Exercise
Filter the listing below down to the lines with the word "ブラック" and copy those.

The input
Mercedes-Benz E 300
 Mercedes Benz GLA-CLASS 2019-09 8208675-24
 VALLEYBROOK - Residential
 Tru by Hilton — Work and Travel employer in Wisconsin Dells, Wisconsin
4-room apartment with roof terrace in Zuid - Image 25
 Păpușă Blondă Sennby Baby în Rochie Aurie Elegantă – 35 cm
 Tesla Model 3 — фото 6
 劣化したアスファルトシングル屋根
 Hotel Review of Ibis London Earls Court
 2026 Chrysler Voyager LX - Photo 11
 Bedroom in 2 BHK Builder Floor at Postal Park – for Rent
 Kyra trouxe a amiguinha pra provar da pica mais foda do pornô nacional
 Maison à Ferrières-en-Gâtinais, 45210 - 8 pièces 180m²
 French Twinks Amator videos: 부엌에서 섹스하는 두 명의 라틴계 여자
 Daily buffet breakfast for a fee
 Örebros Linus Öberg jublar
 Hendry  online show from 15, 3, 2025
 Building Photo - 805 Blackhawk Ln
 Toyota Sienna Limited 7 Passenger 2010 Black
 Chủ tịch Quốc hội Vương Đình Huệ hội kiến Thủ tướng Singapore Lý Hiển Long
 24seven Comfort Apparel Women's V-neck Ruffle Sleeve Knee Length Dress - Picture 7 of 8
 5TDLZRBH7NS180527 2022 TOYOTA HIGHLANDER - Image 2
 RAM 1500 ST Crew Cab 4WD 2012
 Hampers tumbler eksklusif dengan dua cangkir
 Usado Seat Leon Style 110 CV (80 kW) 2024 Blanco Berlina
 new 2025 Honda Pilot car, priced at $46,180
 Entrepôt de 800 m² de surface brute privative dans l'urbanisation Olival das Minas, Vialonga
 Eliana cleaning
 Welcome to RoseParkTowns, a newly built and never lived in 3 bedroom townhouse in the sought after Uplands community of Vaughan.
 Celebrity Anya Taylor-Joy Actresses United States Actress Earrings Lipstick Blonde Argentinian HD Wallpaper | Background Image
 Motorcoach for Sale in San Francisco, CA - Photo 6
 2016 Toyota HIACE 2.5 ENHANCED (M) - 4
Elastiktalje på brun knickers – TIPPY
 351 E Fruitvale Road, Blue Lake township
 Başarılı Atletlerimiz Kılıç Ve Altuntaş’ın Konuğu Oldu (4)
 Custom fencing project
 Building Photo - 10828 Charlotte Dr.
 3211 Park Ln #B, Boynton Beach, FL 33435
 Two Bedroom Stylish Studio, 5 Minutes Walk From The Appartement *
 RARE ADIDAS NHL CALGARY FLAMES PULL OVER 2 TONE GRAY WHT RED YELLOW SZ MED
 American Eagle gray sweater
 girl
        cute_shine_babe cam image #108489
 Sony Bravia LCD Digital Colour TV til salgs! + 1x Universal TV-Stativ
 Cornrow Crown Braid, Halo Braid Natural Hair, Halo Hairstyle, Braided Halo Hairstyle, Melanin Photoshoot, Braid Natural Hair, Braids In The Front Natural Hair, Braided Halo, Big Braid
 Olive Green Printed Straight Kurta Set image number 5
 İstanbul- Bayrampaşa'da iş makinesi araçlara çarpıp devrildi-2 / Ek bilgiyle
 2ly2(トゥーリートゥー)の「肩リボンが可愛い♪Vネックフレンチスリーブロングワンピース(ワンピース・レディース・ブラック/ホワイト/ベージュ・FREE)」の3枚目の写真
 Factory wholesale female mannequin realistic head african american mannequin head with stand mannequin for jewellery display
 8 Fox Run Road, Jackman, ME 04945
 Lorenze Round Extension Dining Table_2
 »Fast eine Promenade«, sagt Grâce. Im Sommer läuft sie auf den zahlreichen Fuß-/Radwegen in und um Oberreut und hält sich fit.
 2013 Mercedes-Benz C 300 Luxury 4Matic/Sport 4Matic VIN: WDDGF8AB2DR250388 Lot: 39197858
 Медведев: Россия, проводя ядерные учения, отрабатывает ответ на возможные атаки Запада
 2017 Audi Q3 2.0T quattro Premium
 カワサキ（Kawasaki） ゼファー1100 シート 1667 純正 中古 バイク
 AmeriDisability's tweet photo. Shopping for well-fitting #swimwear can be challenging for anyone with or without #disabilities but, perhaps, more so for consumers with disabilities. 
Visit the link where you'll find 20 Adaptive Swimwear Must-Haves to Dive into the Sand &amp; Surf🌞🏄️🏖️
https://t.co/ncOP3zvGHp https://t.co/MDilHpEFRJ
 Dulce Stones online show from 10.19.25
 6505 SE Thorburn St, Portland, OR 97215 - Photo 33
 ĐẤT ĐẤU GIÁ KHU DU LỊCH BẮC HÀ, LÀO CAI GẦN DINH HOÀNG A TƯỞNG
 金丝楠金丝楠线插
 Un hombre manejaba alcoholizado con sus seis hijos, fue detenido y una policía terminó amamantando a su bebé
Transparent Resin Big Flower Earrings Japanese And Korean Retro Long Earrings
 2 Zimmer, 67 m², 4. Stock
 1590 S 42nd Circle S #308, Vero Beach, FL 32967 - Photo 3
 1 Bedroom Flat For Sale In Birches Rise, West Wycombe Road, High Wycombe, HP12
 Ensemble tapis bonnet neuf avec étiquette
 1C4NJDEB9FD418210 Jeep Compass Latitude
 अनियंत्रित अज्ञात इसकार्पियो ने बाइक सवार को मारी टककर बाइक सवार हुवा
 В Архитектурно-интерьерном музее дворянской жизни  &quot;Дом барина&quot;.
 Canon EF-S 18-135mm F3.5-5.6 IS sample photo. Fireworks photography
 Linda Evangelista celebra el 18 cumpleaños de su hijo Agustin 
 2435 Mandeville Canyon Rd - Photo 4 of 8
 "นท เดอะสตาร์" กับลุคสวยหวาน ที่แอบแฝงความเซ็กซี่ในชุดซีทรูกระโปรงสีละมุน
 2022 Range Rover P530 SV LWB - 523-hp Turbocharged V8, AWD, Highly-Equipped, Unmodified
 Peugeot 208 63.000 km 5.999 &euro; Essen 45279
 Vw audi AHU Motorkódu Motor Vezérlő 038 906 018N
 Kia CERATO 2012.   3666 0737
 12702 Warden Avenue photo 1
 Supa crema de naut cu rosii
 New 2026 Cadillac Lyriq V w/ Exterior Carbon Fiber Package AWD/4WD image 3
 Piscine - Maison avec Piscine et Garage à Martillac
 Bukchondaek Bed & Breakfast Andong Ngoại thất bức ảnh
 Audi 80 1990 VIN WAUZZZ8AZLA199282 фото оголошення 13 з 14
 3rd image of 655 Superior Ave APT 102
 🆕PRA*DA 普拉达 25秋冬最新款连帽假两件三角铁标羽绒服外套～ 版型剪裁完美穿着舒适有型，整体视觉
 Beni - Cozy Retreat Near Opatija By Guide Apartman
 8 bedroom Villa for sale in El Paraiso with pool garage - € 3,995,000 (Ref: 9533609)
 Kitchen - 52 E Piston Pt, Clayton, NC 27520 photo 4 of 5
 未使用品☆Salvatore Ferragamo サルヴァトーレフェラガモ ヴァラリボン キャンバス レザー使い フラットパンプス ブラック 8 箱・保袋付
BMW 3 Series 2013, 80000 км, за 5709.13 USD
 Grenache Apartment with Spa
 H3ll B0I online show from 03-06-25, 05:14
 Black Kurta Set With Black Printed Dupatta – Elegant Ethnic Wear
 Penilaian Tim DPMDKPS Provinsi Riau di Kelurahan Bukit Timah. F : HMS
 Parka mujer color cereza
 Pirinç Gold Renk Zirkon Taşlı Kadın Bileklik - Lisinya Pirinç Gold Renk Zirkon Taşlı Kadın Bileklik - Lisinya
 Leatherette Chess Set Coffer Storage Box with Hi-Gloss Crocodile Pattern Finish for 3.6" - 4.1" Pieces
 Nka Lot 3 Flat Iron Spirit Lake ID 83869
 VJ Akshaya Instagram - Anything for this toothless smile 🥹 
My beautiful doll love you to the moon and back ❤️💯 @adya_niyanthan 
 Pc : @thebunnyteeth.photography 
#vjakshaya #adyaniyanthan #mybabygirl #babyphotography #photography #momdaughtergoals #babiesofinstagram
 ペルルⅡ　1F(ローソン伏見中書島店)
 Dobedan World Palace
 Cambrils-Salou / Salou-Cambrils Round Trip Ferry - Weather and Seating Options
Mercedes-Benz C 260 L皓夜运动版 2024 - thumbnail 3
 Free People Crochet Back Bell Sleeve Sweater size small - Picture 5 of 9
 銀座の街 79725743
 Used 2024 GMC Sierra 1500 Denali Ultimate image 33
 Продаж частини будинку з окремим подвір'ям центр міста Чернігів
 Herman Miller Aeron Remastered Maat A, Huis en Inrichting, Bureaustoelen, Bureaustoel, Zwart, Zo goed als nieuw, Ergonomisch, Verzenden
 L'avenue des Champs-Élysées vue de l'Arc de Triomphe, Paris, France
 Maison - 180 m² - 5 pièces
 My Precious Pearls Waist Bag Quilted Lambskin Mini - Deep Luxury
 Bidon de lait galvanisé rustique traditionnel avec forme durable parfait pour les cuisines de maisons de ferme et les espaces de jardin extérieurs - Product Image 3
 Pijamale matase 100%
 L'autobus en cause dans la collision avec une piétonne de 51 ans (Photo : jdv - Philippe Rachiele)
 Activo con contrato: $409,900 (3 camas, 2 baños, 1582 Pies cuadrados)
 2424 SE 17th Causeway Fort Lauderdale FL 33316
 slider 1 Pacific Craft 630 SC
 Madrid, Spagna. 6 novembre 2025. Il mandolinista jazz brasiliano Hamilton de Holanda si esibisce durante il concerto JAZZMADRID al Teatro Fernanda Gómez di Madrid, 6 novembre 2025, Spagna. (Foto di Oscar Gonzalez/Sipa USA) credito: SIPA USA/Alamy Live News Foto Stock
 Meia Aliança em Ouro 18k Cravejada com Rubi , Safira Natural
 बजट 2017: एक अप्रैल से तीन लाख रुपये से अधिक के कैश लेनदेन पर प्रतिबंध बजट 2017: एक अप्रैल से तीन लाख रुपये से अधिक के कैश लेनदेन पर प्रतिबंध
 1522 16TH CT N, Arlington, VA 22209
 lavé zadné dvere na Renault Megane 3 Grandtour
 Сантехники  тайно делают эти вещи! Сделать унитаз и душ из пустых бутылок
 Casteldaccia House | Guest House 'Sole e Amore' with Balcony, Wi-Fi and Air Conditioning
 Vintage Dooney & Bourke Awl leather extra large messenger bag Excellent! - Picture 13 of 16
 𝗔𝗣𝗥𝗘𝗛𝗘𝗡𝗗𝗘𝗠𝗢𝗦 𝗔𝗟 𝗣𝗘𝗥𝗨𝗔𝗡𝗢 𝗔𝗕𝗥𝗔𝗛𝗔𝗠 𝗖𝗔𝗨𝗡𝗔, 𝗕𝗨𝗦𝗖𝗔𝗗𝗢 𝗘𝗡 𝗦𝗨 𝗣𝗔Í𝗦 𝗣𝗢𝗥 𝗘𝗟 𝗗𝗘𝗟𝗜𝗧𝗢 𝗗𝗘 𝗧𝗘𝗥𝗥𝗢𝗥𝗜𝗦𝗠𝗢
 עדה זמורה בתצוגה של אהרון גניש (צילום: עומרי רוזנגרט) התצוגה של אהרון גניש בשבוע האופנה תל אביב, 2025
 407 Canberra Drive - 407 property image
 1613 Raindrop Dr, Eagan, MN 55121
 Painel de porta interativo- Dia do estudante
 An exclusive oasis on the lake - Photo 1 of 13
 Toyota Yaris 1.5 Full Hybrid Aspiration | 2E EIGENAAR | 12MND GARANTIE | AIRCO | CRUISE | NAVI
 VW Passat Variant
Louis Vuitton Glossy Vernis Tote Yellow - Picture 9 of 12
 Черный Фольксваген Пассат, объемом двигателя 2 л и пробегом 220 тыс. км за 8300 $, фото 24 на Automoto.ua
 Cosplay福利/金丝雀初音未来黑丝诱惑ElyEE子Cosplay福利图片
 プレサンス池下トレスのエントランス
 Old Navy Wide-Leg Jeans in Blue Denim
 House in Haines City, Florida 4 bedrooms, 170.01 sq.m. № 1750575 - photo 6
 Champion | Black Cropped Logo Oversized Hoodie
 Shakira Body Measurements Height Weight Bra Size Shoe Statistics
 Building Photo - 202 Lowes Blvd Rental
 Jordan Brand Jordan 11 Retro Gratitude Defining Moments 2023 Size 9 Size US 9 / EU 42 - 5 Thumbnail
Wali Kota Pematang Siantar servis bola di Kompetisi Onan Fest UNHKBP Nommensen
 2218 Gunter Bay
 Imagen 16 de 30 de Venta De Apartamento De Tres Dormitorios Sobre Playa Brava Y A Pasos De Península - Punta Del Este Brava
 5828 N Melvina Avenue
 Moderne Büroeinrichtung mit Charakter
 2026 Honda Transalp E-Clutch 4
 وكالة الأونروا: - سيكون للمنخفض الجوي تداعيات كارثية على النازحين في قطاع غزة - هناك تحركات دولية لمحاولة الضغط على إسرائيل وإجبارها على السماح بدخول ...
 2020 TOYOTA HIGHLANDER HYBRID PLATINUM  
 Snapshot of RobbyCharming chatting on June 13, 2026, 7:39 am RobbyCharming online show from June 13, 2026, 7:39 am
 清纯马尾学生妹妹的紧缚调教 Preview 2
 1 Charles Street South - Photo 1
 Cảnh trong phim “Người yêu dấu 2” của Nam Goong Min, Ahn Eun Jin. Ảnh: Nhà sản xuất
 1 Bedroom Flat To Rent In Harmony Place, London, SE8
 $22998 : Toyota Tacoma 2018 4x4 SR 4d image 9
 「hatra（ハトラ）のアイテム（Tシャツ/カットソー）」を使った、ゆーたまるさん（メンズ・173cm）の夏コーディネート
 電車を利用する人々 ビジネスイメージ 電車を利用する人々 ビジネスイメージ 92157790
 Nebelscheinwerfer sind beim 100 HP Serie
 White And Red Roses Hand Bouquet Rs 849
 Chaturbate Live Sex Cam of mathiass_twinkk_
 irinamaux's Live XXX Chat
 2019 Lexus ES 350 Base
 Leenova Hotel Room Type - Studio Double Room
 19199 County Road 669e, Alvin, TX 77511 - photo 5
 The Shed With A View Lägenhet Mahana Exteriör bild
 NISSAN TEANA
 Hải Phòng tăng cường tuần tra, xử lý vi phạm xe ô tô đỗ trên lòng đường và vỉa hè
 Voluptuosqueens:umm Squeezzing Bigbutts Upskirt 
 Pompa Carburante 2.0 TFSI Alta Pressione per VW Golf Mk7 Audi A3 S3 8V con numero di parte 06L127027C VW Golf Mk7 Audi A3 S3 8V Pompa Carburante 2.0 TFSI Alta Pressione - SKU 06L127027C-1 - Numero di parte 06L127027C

Response
 2ly2(トゥーリートゥー)の「肩リボンが可愛い♪Vネックフレンチスリーブロングワンピース(ワンピース・レディース・ブラック/ホワイト/ベージュ・FREE)」の3枚目の写真
 未使用品☆Salvatore Ferragamo サルヴァトーレフェラガモ ヴァラリボン キャンバス レザー使い フラットパンプス ブラック 8 箱・保袋付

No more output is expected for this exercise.